Conditional derivatives and eager original downloading
jrochkind opened this issue · comments
The [File Processing Guide suggests a usage pattern of "Conditional derivatives"](Conditional derivatives), eg:
Attacher.derivatives do |original|
if file.mime_type == "image/svg+xml"
result[:png] = something
end
result
end
This pattern works well for me.
But one thing I noticed is that calling model.image_attacher.create_derivatives
in this case will still end up downloading the entire original, even though it doesn't end up using it for anything, if it conditionally decides not to.
I have very large originals (100MB+), so this download is a non-trivial operation. And I have some use cases where it ends up downloading a bunch of files it doesn't need to, which is a problem for me.
But I'm not sure if you would consider this a bug or design problem/need-of-improvement, or if it's working as intended and is fine? And so I bring it up to ask, and to also document my further investigations and thoughts.

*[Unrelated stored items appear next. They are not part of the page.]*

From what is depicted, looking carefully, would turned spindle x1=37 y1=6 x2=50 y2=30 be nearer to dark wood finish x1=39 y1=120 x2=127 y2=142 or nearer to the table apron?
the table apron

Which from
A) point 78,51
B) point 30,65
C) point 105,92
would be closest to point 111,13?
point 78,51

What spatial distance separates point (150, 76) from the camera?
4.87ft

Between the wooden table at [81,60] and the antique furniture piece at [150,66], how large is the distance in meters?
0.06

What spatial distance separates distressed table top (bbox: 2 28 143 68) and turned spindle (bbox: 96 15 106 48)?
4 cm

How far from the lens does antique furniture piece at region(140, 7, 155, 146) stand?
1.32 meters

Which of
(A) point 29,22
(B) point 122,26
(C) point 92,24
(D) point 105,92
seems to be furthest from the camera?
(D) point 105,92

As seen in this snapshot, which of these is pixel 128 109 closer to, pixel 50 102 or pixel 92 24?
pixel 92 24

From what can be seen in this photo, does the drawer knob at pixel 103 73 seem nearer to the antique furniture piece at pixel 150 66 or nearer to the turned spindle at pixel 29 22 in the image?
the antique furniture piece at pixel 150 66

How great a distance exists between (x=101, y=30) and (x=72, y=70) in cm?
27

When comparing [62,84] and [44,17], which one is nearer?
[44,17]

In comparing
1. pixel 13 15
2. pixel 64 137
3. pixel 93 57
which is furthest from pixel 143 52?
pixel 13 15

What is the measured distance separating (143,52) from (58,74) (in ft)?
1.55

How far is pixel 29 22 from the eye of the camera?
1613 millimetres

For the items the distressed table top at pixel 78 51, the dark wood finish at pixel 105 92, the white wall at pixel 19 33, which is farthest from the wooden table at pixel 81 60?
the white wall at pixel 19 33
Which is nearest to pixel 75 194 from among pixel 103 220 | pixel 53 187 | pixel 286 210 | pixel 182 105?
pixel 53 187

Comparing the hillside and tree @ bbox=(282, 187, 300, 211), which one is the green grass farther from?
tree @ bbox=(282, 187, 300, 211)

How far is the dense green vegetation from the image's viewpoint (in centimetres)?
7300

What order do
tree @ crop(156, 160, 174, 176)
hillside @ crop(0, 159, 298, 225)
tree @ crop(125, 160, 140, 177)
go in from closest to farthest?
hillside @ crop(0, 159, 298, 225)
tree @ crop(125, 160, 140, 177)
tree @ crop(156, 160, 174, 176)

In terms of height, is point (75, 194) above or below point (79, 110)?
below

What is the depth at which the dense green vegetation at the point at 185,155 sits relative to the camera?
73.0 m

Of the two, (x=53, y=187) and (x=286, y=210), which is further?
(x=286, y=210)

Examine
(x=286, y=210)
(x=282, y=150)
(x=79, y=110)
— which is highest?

Why is it downloading the file? Often Shrine IO objects are basically "lazy", not read until they are accessed. The reason that is not true here is that in process_derivatives
, before the registered processor is ever called:
shrine/lib/shrine/plugins/derivatives.rb
Lines 272 to 275 in 00968da
Since I use direct uploads, and do derivatives processing in the background, my source
is always an UploadedFile
. Also for use cases that involve re-processing derivatives, which is actually what I'm doing (calling create_derivatives
or process_derivatives
a subsequent time for an existing record).
OK, that's why the file is getting downloaded. But what is the motivation for this line?
I am guessing, to ensure that derivatives processors get actual files with local file paths (since it is not uncommon for a processor to need that); and maybe also to ensure the file only gets downloaded once? Not sure about that.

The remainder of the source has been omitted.